Teaching renormalization, scaling, and universality with an example from quantum mechanics.
We discuss the quantum mechanics of a particle restricted to the half-line $x > 0$ with potential energy $V = \alpha/x^2$ for $-1/4 < \alpha < 0$. It is known that two scale-invariant theories may be defined. By regularizing the near-origin behavior of the potential by a finite square well with variable width $b$ and depth $g$, it is shown how these two scale-invariant theories occupy fixed points in the resulting $(b,g)$-space of Hamiltonians. A renormalization group flow exists in this space and scaling variables are shown to exist in a neighborhood of the fixed points. Consequently, the propagator of the regulated theory enjoys homogeneous scaling laws close to the fixed points. Using renormalization group arguments it is possible to discern the functional form of the propagator for long distances and long imaginary times, thus demonstrating the extent to which fixed points control the behavior of the cut-off theory.
By keeping the width fixed and varying only the well depth, we show how the mean position of a bound state diverges as $g$ approaches a critical value. It is proven that the exponent characterizing the divergence is universal in the sense that its value is independent of the choice of regulator.

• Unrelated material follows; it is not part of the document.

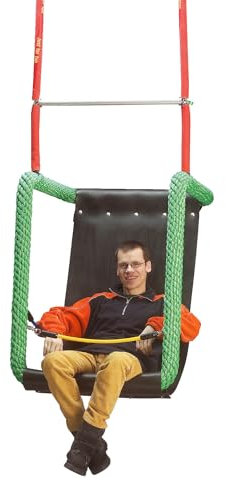 Huck Seiltechnik Schaukelsitz | Sicherungsketten vorne und an den Seiten | 2 m oder 2,50 m Aufhängehöhe | Outdoor | Stahlketten | Gummi | DIN EN 1176 konform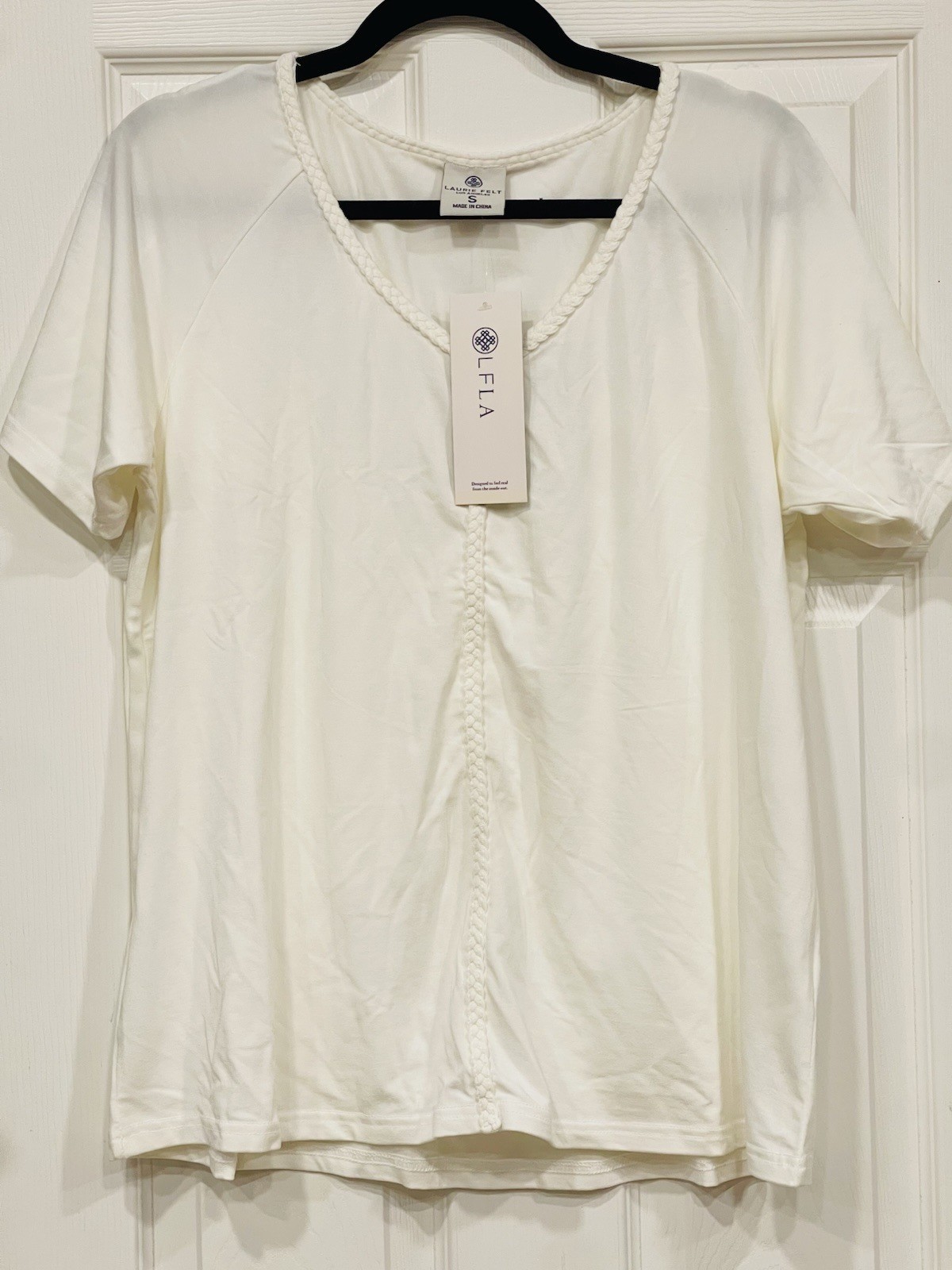 Laurie Felt Cotton Rayon Raglan Tee Size S Ivory A601914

Two classical interpretations of the results are discussed: standard Brownian motion on the real line, and the free energy of a certain one-dimensional chain of particles with prescribed boundary conditions. In the former example, $V$ appears as part of an expectation value in the Feynman-Kac formula. In the latter example, $V$ appears as the background potential for the chain, and the loss of extensivity is dictated by a universal power law.